Unlängst hat sich die Askforce sich die Bemerkung erlaubt, dass unsere Leserschaft eine «starke Vorliebe für abstrakte Fragen» zu haben scheint. Diese Klage hat Herrn Tsch. veranlasst, uns eine durch und durch konkrete Frage zukommen zu lassen. Er helfe uns gerne, schreibt er. Wir bedanken uns für diese Liebenswürdigkeit.

Seine Frage sei aus dem eigenen Leben gegriffen, so unser Leser. «Kurz und knapp: Wie kommen die Krümel in die Besteckschublade?» Gewisse Vermutungen stellt Herr Tsch. gleich selber an. So gibt die Tatsache, dass sich die Besteckschublade «in gefährlicher Nähe zur Arbeitsfläche» befindet, zu einigen Befürchtungen Anlass, die Herr Tsch. aber sogleich durch die Feststellung entkräftet, er sei «(nicht nur in der Küche) eine reinliche Person».

Das heisst, er verschliesst beim Schneiden, Hacken und Kochen die Schublade und legt Gabel, Messer und dergleichen nur nach einem gründlichen Reinigungsprozess «blitzblank gespült» zurück. «Gleichwohl sind die Krümel da und vermehren sich auf wundersame Weise. Was muss ich tun?» Herr Tsch. will die Angelegenheit nicht hinnehmen.

Es ist denkbar, dass sich im Haushalt von Herrn Tsch. noch andere Personen aufhalten, die es mit der Reinlichkeit weniger streng nehmen als er. Aus den Aufzeichnungen von Küchenhistorikern wissen wir, dass auch auf Heimlichkeit bedachte, tierische Mitbewohner sich zuweilen im rückwärtigen und schlecht einsehbaren Teil von Schubladen aufhalten. Gerade Mäuse sind unverbesserliche Krümelanten. Da aber Herr Tsch. sich als «reinlich» bezeichnet – und wir daran nicht zweifeln – fallen diese beiden Lösungsansätze ausser Betracht.
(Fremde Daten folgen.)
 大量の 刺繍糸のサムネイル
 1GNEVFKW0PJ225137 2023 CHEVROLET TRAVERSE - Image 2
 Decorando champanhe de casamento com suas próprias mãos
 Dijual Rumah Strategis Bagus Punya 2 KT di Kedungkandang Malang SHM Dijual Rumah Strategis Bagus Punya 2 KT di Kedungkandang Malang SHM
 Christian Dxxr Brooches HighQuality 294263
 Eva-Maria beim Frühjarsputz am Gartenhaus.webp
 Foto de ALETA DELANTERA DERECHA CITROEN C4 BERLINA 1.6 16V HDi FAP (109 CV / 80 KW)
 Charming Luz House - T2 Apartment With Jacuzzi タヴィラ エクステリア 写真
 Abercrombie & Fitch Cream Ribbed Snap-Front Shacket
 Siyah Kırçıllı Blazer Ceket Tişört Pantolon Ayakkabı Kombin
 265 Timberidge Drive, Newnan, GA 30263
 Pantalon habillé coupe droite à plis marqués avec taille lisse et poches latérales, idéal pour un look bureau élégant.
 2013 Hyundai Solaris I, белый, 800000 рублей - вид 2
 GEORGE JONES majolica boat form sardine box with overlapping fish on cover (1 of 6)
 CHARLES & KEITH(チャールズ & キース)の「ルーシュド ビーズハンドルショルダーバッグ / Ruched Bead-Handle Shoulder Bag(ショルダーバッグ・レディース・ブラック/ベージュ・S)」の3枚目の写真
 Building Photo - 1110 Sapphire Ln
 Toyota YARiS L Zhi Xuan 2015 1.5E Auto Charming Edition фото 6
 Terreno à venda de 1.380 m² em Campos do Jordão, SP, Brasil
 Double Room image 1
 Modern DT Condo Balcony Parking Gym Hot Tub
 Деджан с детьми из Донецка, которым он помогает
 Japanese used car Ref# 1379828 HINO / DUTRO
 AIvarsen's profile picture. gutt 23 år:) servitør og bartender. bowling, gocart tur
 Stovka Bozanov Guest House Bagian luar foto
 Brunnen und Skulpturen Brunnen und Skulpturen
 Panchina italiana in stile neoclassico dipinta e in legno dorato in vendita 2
«Nescimus quid solutum est in culina» – wir wissen nicht, was in der Küche los ist. Das sagte schon der mittelalterliche Benediktiner-Domherr und Feinschmecker Pansenius. Es hielt ihn aber nicht davon ab, mit unbändigem Appetit zuzugreifen und billige Witzchen in seinem bevorzugten Küchenlatein zu machen – ein Beispiel davon haben wir eben angeführt. Wenn er sich zu Tisch setzte, pflegte er zu sagen: «Habeo magnus vapor caulis.» Ich habe grossen Kohldampf. Das Krümelproblem überliess er den Philosophen, die vorschlugen, das Brot in der Badewanne zu schneiden.